Не помню теперь, каким образом на обратном пути из Сокольников мы оказались на Тверском бульваре. Сели на скамейку позади памятника Пушкину, стоявшего в то время по другую сторону площади, и Н. И. решился на серьезный разговор со мной. Он сказал, что наши отношения зашли в тупик и ему надо выбирать одно из двух: или соединить со мной жизнь или отойти в сторону и дать мне право строить жизнь независимо от него.
Ответа от меня не последовало. Он увидел лишь одни слезы. Мне трудно теперь объяснить свое состояние: должно быть, это были слезы радости и глубокого потрясения, а также нерешительности, свойственной в те юные годы моей натуре, и от того, что рядом со мной на скамейке Тверского бульвара сидел не какой-нибудь мальчишка-ровесник, а именно Бухарин, — слезы лились ручьем. Н. И. смотрел на меня в недоумении, такой реакции он не ожидал. Он был убежден, что выбор уже мною сделан, иначе бы и не заговорил. Н. И. безуспешно пытался узнать, чем вызваны мои слезы. Я продрогла, Н. И. согревал мои замерзшие руки своими, горячими. Надо было возвращаться домой.
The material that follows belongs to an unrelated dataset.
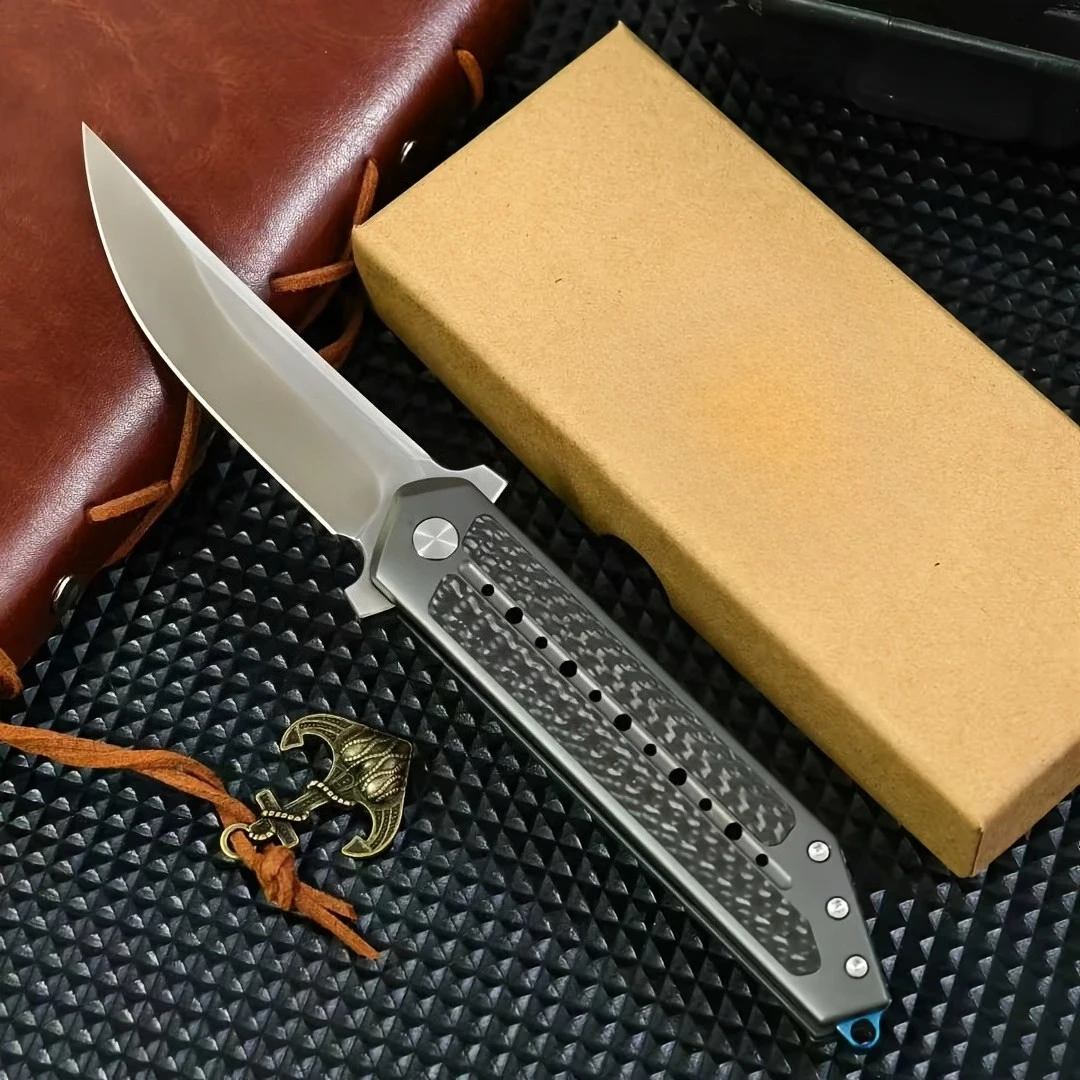 

TC4 Titanium Alloy Inset Carbon Fiber Handle S35VN Steel Blade Outdoor Folding Knife Multi-function Folding Knife Camping EDC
Увидев, что мое настроение исправилось, Н. И. решился предложить мне пойти с ним вечером следующего дня в Большой театр на «Хованщину» Мусоргского. Я с удовольствием согласилась.
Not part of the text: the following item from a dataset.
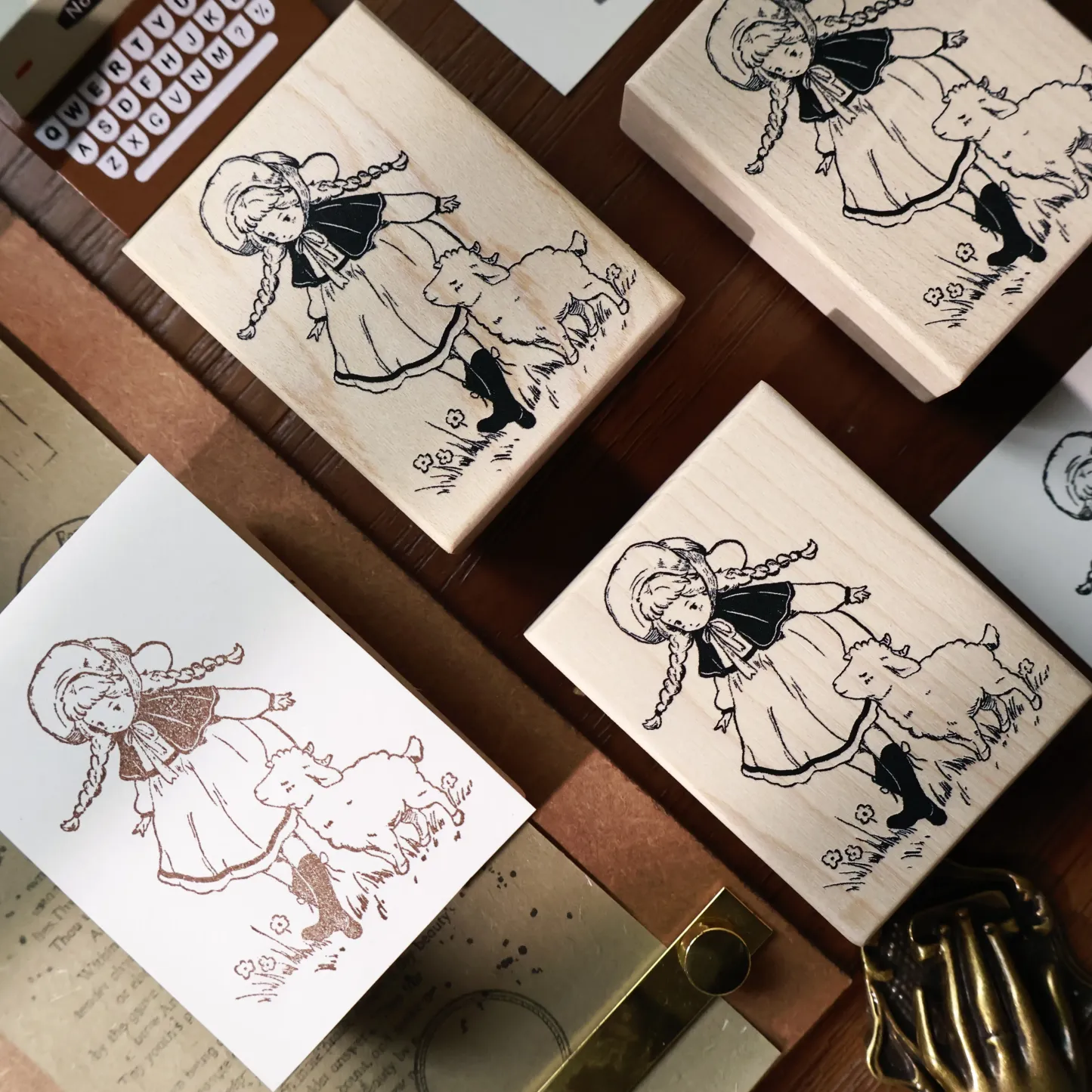 YIER Studio Cute girl Wood Stamp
Поздно, уже заполночь, мы явились в «Метрополь». Мать спала. Отец сидел за своим письменным столом, работая над какой-то очередной статьей. Он все-таки заметил мои заплаканные глаза и растерянный вид Н. И. и предложил ему остаться ночевать, что тот и сделал, улегшись на диване в кабинете. Я плохо спала, проснулась поздно, когда Н. И. уже ушел на работу.
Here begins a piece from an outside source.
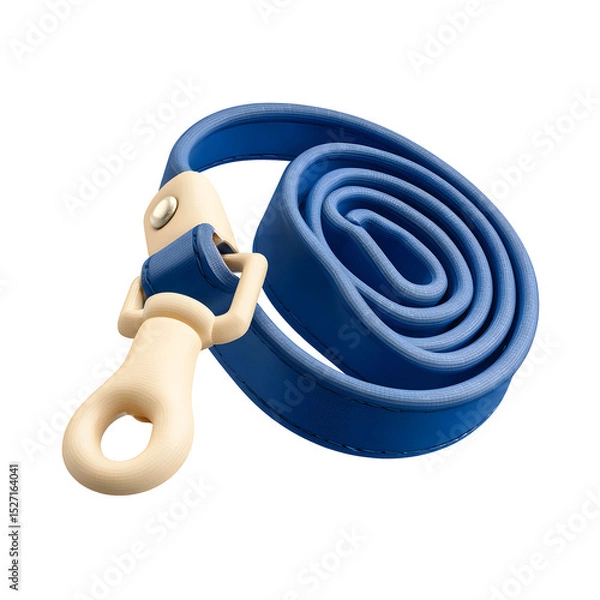 Obraz Stylized 3D icon of a dark blue pet leash with a cream clasp and loop handle coiled in a smooth rounded shape with a cartoon like toy inspired aesthetic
Утром отец, который, как я уже упоминала, никогда не вмешивался в наши отношения, неожиданно заговорил со мной:
— Ты должна хорошо подумать, — сказал он, — насколько серьезно твое чувство. Н. И. тебя очень любит, человек он тонкий, эмоциональный, и если твое чувство несерьезно, надо отойти, иначе это может плохо для него кончиться.
Его слова меня насторожили, даже напугали.
— Что это значит — может плохо для него кончиться? Не самоубийством же?!
— Не обязательно самоубийством, но излишние мучения ему тоже ни к чему.
Позже от Н. И. я узнала, что утром он рассказал отцу о разговоре на Тверском бульваре.
Вечером Н. И. должен был зайти за мной, чтобы пойти в театр. Сомневаться не приходится, что после «Хованщины» все решилось бы так, как это решилось тремя годами позже, разговор с отцом сделал меня более решительной и многое дал понять. Суток было достаточно для осознания, что Н. И. необходимо было, чтобы решение исходило именно от меня. Но по моей вине я не встретилась с Н. И. Кто-то из моих однокурсников-рабфаковцев (я училась на рабфаке, готовившем в планово-экономический институт) позвонил и неожиданно сообщил мне, что вечером я обязана явиться на бригадные занятия для подготовки к экзамену по политэкономии. В то время практиковался бригадный метод занятий, в особенности подготовки к экзаменам. У нас была комсомольская бригада, взявшая обязательство сдать все экзамены на «хорошо» и «отлично». Теперь можно над этим посмеяться, но тогда я относилась к этому вполне серьезно. В бригаде занимался также учившийся со мной на одном рабфаке, а затем в институте сын Сокольникова Женя, мой ровесник Он жил тоже в «Метрополе» и довольно часто заходил ко мне. Н. И. видел, что Женя увлечен мною, я же в то время относилась к нему с полным равнодушием. Тем не менее присутствие Жени раздражало Н. И., и он откровенно говорил мне об этом.